The city’s recreation services director, Hezekiah Allen, along with Brian Sager from Norris Design of Phoenix, presented the final master plan for Riverfront Park to the Cottonwood Council on Tuesday. The Council approved the plan, which enhances the ability of the city or nonprofit or other groups to apply for grants or seek outside funding for specific improvements to the park, as the city has no Fiscal 2020 funding for such projects.
The Cottonwood Parks and Recreation Commission recently went over and added some input on the master plan, which was paid for entirely through grant funding. Norris Design put the plan together, gathering public input through several public sessions, along with online surveys.
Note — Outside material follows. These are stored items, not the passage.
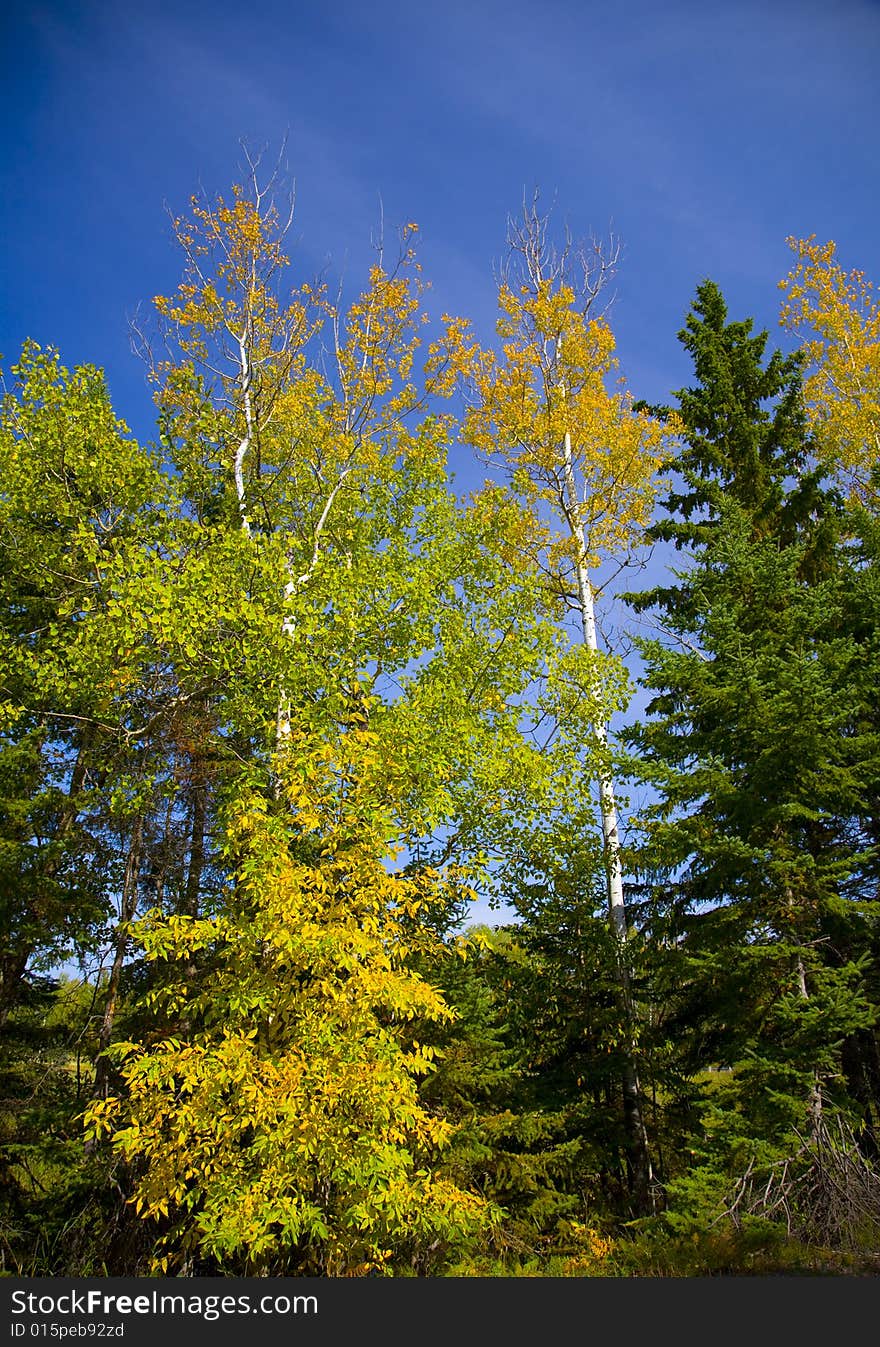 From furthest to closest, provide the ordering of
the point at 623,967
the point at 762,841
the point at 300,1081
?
the point at 623,967 < the point at 762,841 < the point at 300,1081

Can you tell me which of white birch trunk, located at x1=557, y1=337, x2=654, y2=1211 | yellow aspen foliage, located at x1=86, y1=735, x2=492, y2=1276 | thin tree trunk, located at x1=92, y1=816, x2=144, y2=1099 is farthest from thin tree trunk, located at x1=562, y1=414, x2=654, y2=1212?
thin tree trunk, located at x1=92, y1=816, x2=144, y2=1099

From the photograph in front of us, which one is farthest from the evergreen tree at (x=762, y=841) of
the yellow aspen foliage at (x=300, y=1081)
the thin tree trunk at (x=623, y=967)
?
the yellow aspen foliage at (x=300, y=1081)

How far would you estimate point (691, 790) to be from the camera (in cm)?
830

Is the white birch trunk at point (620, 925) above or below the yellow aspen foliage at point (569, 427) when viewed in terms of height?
below

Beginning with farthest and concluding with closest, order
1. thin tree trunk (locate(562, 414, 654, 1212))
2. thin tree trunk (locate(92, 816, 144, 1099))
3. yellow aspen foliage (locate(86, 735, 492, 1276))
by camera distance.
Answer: thin tree trunk (locate(92, 816, 144, 1099))
thin tree trunk (locate(562, 414, 654, 1212))
yellow aspen foliage (locate(86, 735, 492, 1276))

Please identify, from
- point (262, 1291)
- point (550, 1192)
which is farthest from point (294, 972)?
point (550, 1192)

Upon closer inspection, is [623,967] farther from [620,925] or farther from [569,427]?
[569,427]

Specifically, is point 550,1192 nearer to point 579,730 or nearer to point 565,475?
point 579,730

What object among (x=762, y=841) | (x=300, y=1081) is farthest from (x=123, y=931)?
(x=762, y=841)

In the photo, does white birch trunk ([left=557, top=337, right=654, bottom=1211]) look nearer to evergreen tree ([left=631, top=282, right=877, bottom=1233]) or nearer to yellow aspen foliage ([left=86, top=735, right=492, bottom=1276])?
evergreen tree ([left=631, top=282, right=877, bottom=1233])

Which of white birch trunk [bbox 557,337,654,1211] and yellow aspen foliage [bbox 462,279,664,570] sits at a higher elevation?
yellow aspen foliage [bbox 462,279,664,570]

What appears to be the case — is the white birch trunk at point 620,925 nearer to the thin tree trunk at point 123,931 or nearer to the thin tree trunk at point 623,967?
the thin tree trunk at point 623,967

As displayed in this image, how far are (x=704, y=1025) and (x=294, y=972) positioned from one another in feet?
17.3

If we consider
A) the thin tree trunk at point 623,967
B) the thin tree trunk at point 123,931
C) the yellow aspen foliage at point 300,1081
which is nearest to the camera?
the yellow aspen foliage at point 300,1081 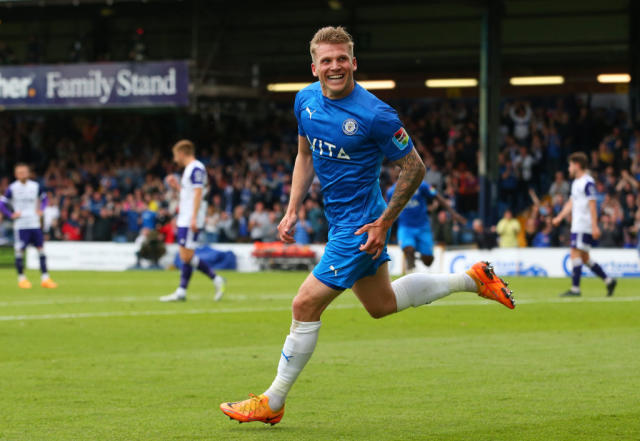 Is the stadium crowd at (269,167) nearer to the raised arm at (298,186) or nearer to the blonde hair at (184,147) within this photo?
the blonde hair at (184,147)

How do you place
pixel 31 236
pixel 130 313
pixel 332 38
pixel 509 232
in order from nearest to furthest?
pixel 332 38
pixel 130 313
pixel 31 236
pixel 509 232

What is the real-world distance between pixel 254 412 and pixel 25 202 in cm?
1555

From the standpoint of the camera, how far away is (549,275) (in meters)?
26.4

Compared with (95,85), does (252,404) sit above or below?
below

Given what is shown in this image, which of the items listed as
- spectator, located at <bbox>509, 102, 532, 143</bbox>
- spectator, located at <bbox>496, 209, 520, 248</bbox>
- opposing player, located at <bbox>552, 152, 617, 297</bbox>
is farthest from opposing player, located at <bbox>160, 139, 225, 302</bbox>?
spectator, located at <bbox>509, 102, 532, 143</bbox>

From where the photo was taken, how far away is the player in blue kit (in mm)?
6570

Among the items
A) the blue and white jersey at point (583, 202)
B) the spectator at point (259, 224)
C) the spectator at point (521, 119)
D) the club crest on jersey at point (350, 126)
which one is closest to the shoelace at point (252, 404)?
the club crest on jersey at point (350, 126)

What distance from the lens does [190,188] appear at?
16.8 meters

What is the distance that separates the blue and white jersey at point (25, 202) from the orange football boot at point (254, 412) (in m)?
15.4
In July, a dinnertime presentation of a draft of the master plan —made at Riverfront Park itself — drew 80 people for feedback.
Sager acknowledged a Verde News poll, which garnered input from more than 1,500 interactions, all of whom ranked different activities they’d like to see offered at the park. A November 2018 in-person input session involved 128 members of the public.
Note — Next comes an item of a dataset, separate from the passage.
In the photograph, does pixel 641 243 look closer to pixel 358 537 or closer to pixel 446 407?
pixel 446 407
City Manager Ron Corbin said he would gladly meet with any individuals, companies or groups willing to fund various aspects of the master plan. It can be found online at this link.
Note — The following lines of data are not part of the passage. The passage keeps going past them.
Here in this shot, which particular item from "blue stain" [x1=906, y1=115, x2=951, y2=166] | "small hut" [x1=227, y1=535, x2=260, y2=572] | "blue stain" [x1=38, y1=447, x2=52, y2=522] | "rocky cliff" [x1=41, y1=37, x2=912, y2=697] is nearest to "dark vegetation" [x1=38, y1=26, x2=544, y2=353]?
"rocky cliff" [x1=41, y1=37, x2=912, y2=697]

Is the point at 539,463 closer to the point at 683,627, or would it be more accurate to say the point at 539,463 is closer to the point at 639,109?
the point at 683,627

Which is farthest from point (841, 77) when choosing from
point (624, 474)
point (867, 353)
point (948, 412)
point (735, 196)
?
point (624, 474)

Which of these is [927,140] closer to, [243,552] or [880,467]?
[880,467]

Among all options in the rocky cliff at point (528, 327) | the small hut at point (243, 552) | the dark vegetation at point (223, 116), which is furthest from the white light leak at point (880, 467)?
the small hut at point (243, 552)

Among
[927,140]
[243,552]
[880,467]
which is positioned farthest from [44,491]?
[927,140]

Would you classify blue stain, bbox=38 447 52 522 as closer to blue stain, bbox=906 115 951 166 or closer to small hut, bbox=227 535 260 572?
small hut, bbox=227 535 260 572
The plan for the 100-acre park relocates some facilities, such as the dog park, which would move much closer to the Verde River’s edge, maintaining both large-dog and “shy dog” areas along virtually the same square footage as its current footprint.
Other areas, such as baseball/softball diamonds and the community garden, wouldn’t be relocated, and parking, driveways and other elements would be built around them.
A circular drive around the eastern foursome of ball diamonds — a perimeter loop — is a part of the master plan.
A splash park was discussed on the master plan, as was a kayak course. For environmental reasons, these must be placed away from the main flood plain of the river, which means other items would be moved closer.
Allen touted the contiguous stretch multi-purpose green space that would be allotted for small soccer fields in the park’s southwest corner.
A splash pad scored high at last November’s meeting and in both the Verde News and grant-funded polls.
An education building would be located near the splash pad. Councilor Michael Matthews questioned how that made it into the final master plan; Corbin pointed out that the education center would also be near the Water Reclamation Plant, and could be both constructed and operated by specific organizations looking to do environmental and possibly water-centered outreach and education.
Disc golf, the roller hockey rink and the locations of restrooms were all discussed extensively during the July meeting.
The master plan is also connected with Cottonwood’s master trails plan, meant to create more routes for bicycling and hiking trails networked and connecting various neighborhoods.
“If you go to Arizona State Parks, with something connected to a specific master plan, that makes a big difference,” Sager said.